Friday, Dec. 17, 1965

Conduit in North Viet Nam

Anxious to cover both sides of the war in Viet Nam, the New York Times has tried for years to get a reporter into Hanoi. But Ho Chi Minh has consistently said no. Last week the Times finally ran a five-part series on life in North Viet Nam, but not by one of its own reporters. It was the work of James Cameron, 54, a British freelancer who was writing for the London Evening Standard. "Failing our being able to get a man inside," says Times Foreign News Editor Sydney Gruson, "this was the next best thing."

A tireless, didactic liberal of the ban-the-bomb breed, Cameron worked on Fleet Street papers before he broke loose on his own. He prides himself on getting into areas forbidden to other newsmen, and he wangled permission to visit North Viet Nam for a month this fall. His report is a rare eyewitness account by a Western journalist, but it leaves little doubt of Cameron's own emotional commitment: he firmly believes the U.S. has no business whatsoever in Viet Nam.

Double Standard.
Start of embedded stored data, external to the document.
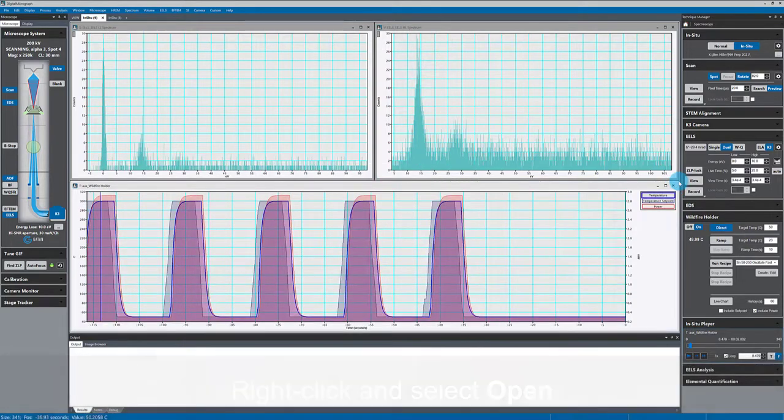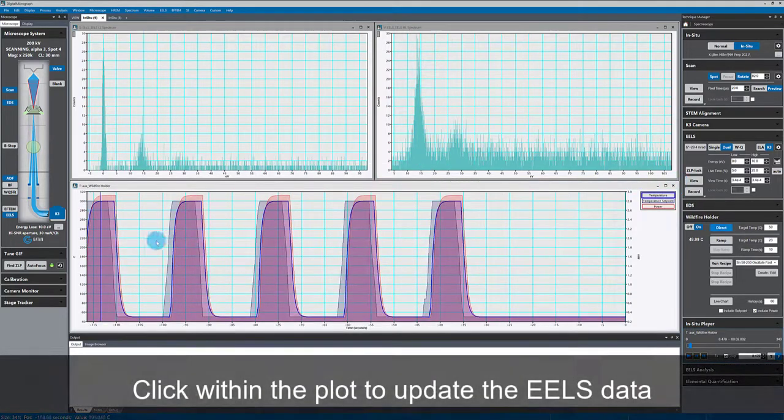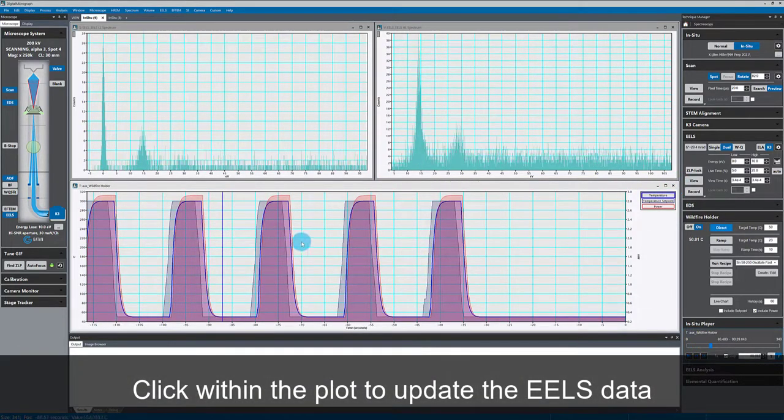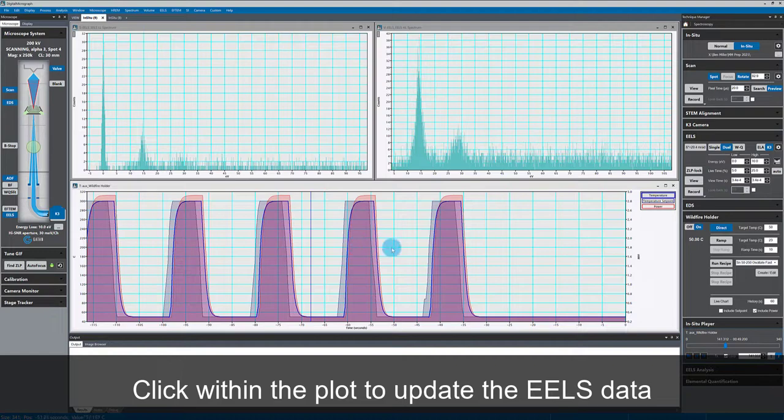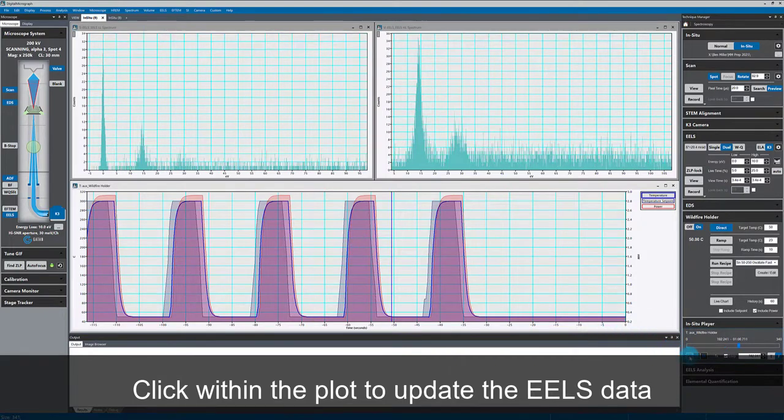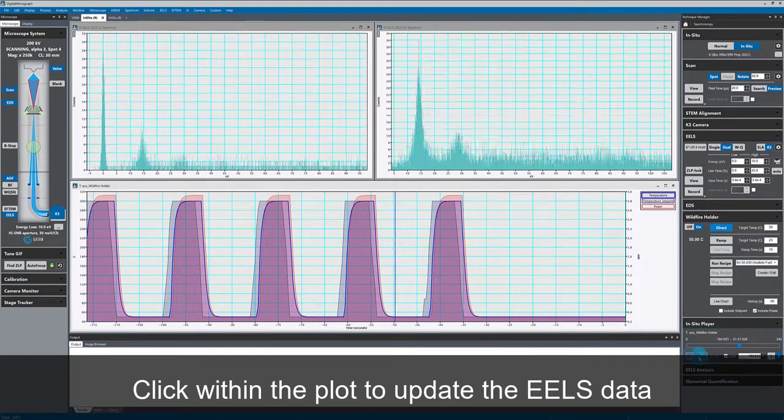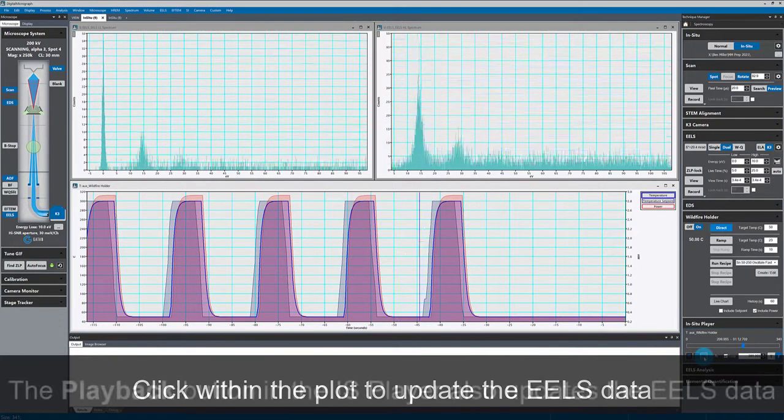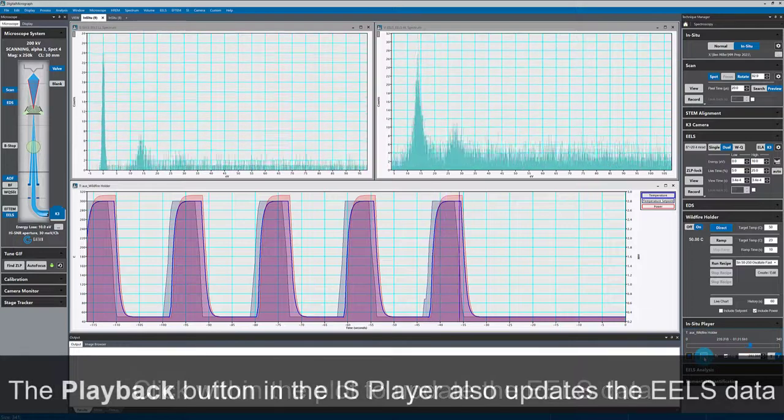If I click within this temperature plot, this updates my EELS data. And if I playback the data with the IS player, that also updates the EELS data.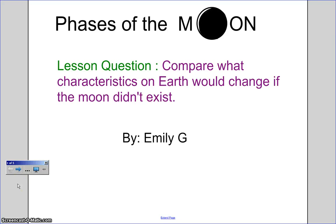Phases of the Moon by Emily. Today's lesson for my screencast is to compare what characteristics on Earth would change if the moon didn't exist.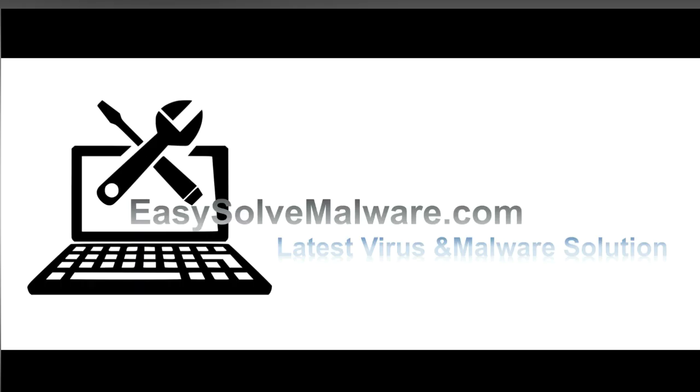That's all. Thank you watching the video from EasySolveMalware.com. We hope it solves your problem.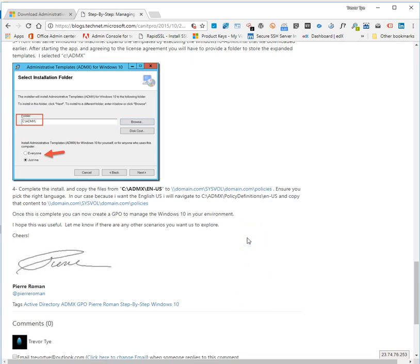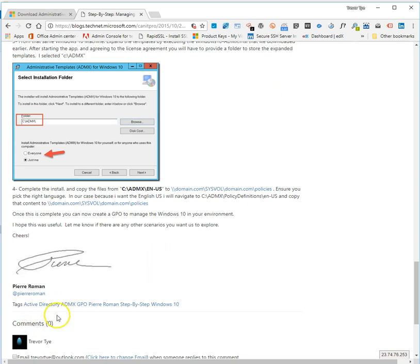Once that's done, do a GP update. Restarting your domain controller may also be required, though I don't believe I did that — just doing a GP update brought all the templates up just fine. So that is all you need to do for adding Windows 10 administrative templates for group policy to your Active Directory. Thank you.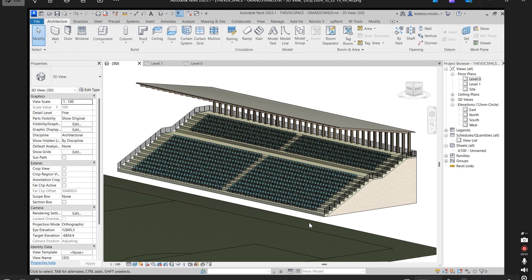Hello, welcome back to the VDC Space. Today we're going to be modeling the grandstand or stadium stand in Revit. We're going to use system families such as the stairs in order to create this grandstand, and then we're going to place some families, high section columns, and high section beams.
Cameron vividly captures much of the flavor of that tense, troubled country with its brooding sense of danger and its "cult of camouflage." North Viet Nam, he says, is "a land where everyone considers it necessary to live in disguise, to inhabit his own country pretending he is not there, but invisible." When he is not filing background color, though, Cameron is less a reporter than a conduit for North Vietnamese propaganda. He all but equates Hanoi, which has not been touched by bombs, with wartime London, which was hit heavily. He quotes officials, such as North Viet Nam's Premier Pham Van Dong, at interminable length, without any appraisal of what they are saying. When he passes the Russian SAM missile sites in the countryside, he loses his reportorial curiosity and does not question his hosts about them. "I talked rapidly of other things to save embarrassment."

Moreover, he tells some whoppers. Without a bit of qualification, he confidently asserts that the North Viet Nam economy is "increasing immensely,"^ while that of the South is "decaying." The comparison will be news to most observers, who are aware that both economies are in serious trouble. Passionately describing the hardships the war has brought to Hanoi, Cameron suggests that American bombers are to blame for food rationing. In fact, rice rationing was begun there in 1954. Presuming to speak for all the Vietnamese, he says, almost offhandedly, that they "chose" Communism.

His articles, described as personal journalism, are full of personal prejudices--all anti-U.S., pro-Hanoi. He is constantly outraged by American action. "What an impertinence," he writes of U.S. air raids, "what arrogance, what an offense against manners."

Convinced that Communism is the wave of the future in Viet Nam, he does not miss a chance to tell his readers that there is no alternative to letting Hanoi have its way. Bombing, he insists, can have no appreciable effect. The North Vietnamese, he says, "have a totally unshakable determination to win the war . . . they reject the machinery of compromise."

Uncritical Acceptance. The London Evening Standard ran Cameron's report under a disclaimer saying that his opinions were "not necessarily" those of the newspaper. The New York Times explained that Cameron was a British journalist, but offered no disclaimer for his observations. Nor did most of the newspapers that picked the story up from the New York Times News Service. While the Los Angeles Times ran only a two-column skeptical analysis of the series by its London correspondent, other papers generally played it the way the New York Times did: the first one or two articles appeared on Page One; the rest of the series was tucked inside. Most editors apparently accepted the reports as a fresh, factual view of the enemy. If they felt like Scott Newhall, executive editor of the San Francisco Chronicle, that in part, Cameron was a "receptacle for some masterly public-relations work by the officials in Hanoi," they did not say so in print.